Station 3 - The GIL and Its Successors (60 min)¶
Read:
- Python/ceval_gil.c - the GIL implementation.
- PEP 703 (no-GIL) and PEP 684 (per-interpreter GIL).
- The "biased reference counting" paper (Choi et al.).
Run:
Reproduce the prime-counting benchmark from Month 4, Week 11.
Explain:
- Why a NumPy-heavy ThreadPoolExecutor scales on stock CPython.
- What changes for pure-Python code under python3.13t.
- When subinterpreters beat both threads and processes.
Station 4 - asyncio Internals (75 min)¶
Read:
- Lib/asyncio/base_events.py - the loop's run_forever.
- Lib/asyncio/tasks.py - Task machinery, cancellation.
- Modules/_asynciomodule.c - the C accelerator (Tasks, Futures).
- The selectors module - epoll/kqueue glue.
Run:
import asyncio, sys
async def main():
loop = asyncio.get_running_loop()
loop.slow_callback_duration = 0.05
# deliberately stall
import time; time.sleep(0.2)
asyncio.run(main())
Watch the warning fire.
Explain:
- The exact path from await coro to a callback scheduled on the loop.
- How Task cancellation delivers CancelledError precisely at the next await.
- Why uvloop is faster (libuv, C event loop, fewer Python frames per I/O).
Station 5 - NumPy and the Buffer Protocol (60 min)¶
Read:
- PEP 3118 - buffer protocol.
- NumPy's numpy/core/src/multiarray/arrayobject.c (skim).
- The strides/shape/dtype model: NumPy User Guide → Internals.
Run:
import numpy as np
a = np.arange(12).reshape(3, 4)
print(a.strides, a.flags['C_CONTIGUOUS'])
b = a.T
print(b.strides, b.flags['C_CONTIGUOUS'])
mv = memoryview(a)
print(mv.format, mv.itemsize, mv.shape, mv.strides)
Explain:
- Why a transpose is O(1) - it changes strides, not data.
- Why a.T.copy() is sometimes necessary before passing to a C library.

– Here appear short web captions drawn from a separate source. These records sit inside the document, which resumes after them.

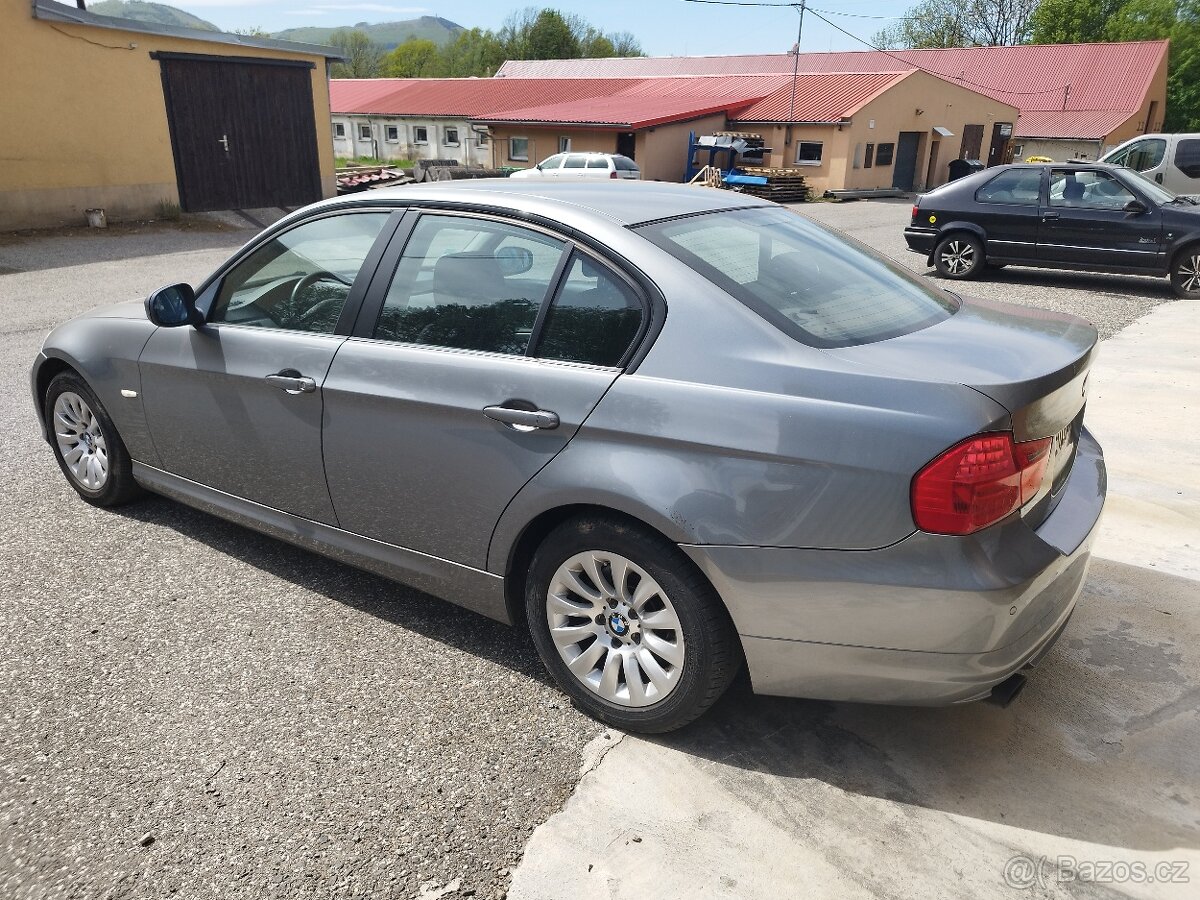 BMW E90 2.0D lci Facelift 2009 - 3
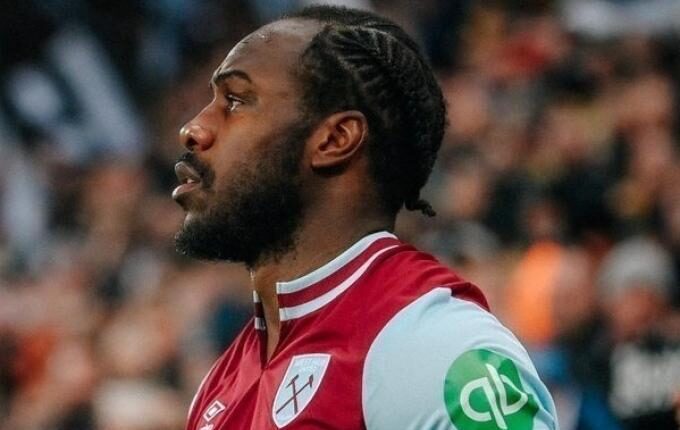 Μίκαελ Αντόνιο: Επιστροφή στη δράση με την Τσάρλτον μετά το σοβαρό ατύχημα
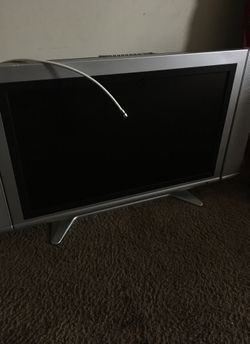 Protron 32” flatscreen
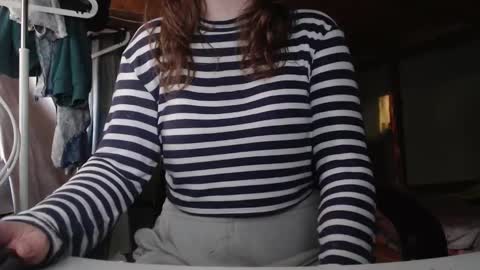 Ekye online show from 10-08-25, 02:42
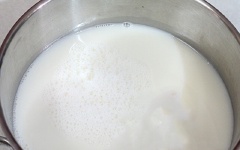 Đổ nước đậu nành đã lọc vào nồi, nấu sôi nhỏ lửa khoảng 15 phút. Tắt bếp, để nguội khoảng 40-45 độ C.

- How the buffer protocol lets bytes, array.array, numpy.ndarray, and torch.Tensor share memory without copies.
Station 6 - PyTorch, Autograd, CUDA Streams (90 min)¶
Read:
- PyTorch internals (Edward Yang's blog).
- torch.autograd overview docs; the Function / Variable machinery.
- vLLM PagedAttention paper (sets up serving questions in Month 6).
Run:
import torch
x = torch.randn(4, 4, requires_grad=True)
y = (x * x).sum()
y.backward()
print(x.grad)
print(torch.cuda.is_available(), torch.cuda.current_stream() if torch.cuda.is_available() else None)
Explain:
- The autograd tape: forward builds the graph, backward walks it.
- Why .detach() and with torch.no_grad(): matter for inference latency.
- CPU↔GPU synchronization: when .item() blocks, why torch.cuda.synchronize() exists.
- How vLLM's PagedAttention reduces KV-cache fragmentation and why that translates directly to throughput.
Synthesis: The Mental Model¶
After this deep dive, hold this picture:
your code ──► AST ──► bytecode ──► eval loop (specializing) ──► C function ──► syscall / GPU kernel
│ │ │ │ │
└─ ruff/pyright └─ dis └─ py-spy └─ py-spy --native └─ nsys / nvprof
└─ GIL / free-threaded
└─ refcount / GC
Every performance question maps to one of those columns. Every correctness question maps to a boundary between two of them. That is what "senior" looks like.